The dollar continued rising against other currencies on Thursday, with the dollar index climbing above the 99.8 level. US treasury yields continued rising on Thursday, with the 10-year treasury yields climbing above 2.66% for the first time since 2019, as investors anticipate a more aggressively hawkish Fed policy.

US Unemployment Claims released on Thursday indicate that the jobs sector is moving in a positive direction, increasing the odds of a Fed rate hike and boosting the dollar. Over the past couple of weeks, Fed rhetoric has been one of the primary drivers of USD price, as markets are beginning to price in a steep rate hike of 50 base points at the Fed’s next policy meeting in May. On Thursday, FOMC member James Bullard spoke in favor of a more aggressive tightening of the Fed’s monetary policy, stating that the US Central Bank needs to raise its benchmark short-term borrowing rate to about 3.5%. 

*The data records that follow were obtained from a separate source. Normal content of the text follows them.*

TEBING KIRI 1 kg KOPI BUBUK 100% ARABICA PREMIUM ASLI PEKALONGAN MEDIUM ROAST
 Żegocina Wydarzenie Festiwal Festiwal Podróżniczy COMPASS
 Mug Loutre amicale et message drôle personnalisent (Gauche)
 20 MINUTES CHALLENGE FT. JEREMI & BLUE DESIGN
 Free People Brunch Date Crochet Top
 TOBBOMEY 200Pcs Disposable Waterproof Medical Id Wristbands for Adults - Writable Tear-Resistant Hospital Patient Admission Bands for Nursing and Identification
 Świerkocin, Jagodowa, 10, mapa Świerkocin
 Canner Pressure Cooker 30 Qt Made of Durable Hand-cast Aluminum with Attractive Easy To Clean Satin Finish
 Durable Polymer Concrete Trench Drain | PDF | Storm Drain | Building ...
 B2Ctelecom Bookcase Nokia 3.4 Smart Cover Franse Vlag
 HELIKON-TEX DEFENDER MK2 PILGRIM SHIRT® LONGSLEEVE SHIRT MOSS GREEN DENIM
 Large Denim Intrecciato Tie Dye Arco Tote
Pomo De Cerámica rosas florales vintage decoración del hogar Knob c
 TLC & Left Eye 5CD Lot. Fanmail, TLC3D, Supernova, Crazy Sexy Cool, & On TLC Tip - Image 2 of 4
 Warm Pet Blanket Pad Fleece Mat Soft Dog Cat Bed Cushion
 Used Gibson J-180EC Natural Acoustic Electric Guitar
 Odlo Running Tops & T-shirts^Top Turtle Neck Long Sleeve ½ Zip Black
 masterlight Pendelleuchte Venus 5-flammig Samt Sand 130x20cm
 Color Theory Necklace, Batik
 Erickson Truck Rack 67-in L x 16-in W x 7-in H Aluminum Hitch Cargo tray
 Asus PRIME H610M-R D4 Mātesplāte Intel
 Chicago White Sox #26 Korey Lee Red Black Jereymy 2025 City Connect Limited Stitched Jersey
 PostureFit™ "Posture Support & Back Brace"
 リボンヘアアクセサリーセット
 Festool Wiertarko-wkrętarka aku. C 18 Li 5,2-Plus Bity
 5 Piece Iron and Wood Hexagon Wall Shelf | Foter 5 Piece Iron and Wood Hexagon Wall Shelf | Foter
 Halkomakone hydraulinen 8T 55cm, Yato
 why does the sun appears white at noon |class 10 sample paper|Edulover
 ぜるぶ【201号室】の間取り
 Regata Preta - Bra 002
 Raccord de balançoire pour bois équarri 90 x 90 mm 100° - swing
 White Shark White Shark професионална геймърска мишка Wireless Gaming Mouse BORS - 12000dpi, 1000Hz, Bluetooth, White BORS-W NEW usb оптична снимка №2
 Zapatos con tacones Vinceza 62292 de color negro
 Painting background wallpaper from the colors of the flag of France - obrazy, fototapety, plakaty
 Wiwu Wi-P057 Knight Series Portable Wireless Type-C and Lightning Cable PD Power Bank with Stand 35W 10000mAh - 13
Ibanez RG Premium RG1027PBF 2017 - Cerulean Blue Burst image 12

FOMC minutes released on Wednesday showed that several Fed officials were in favor of a rate hike of 50 base points last month, increasing the chances of a 50 bp increase in the Fed’s benchmark interest rate in May FOMC minutes also signaled that the US Central Bank would reduce its bond holdings by as much as $95 billion per month. 

FOMC members Brainard and Williams delivered speeches on Tuesday, pointing to an increasingly hawkish fiscal policy, boosting the dollar. Brainard, who is known for her comparatively dovish stance, stated in her speech that the US central bank needs to act quickly to drive down inflation, with a rapid reduction in the balancing sheet and aggressive rate hikes. 

Reports of escalating violence against Ukraine and increased sanctions on Russia have also turned investors’ interest towards safe-haven assets. The Biden administration announced new sanctions on Wednesday, targeting Russia’s largest financial institutions to increase economic pressure on Russia. US sanctions are having a large impact on the Russian economy, with the country hovering at the edge of its first default since 1998. The US Treasury Department has blocked US banks from handling dollar payments from Russia, with JPMorgan having to deny on Wednesday a payment of $649mn of interest and principal. Russia instead has attempted to pay in Roubles, a move which amounts to a default of its debt.



The Euro retreated against the dollar on Thursday, with the EUR/USD rate touching the 1.086 level, its lowest point since May 2020. If the currency pair goes up, it may encounter resistance at 1.113 and further up at 1.148, while if it declines, support may be found at the 1.080 level. 

Reports of escalating Russian attacks against Ukraine have boosted the safe-haven dollar this week, while the Euro retreated. A new round of sanctions on Russia was agreed upon by EU member states on Thursday, weighing down the Euro. According to European Commission President Ursula von der Leyen, the new ban will include the freezing of assets of several Russian banks as well as a ban on exports to Russia, including high-tech goods of up to €10 billion. More importantly, the EU sanctions will target the energy sector for the first time, with a ban on coal imports from Russia worth €4bn a year. 

Russia’s demands for payments of energy imports in Roubles have increased concerns of an impending energy crisis in Europe, putting pressure on the Euro. Germany has already entered the initial phases of implementing an emergency gas law, preparing for rationing gas resources among its population. In addition, as the first round of the French Presidential elections is drawing near, the Euro comes under pressure from the political uncertainty in one of the Eurozone’s leading economies.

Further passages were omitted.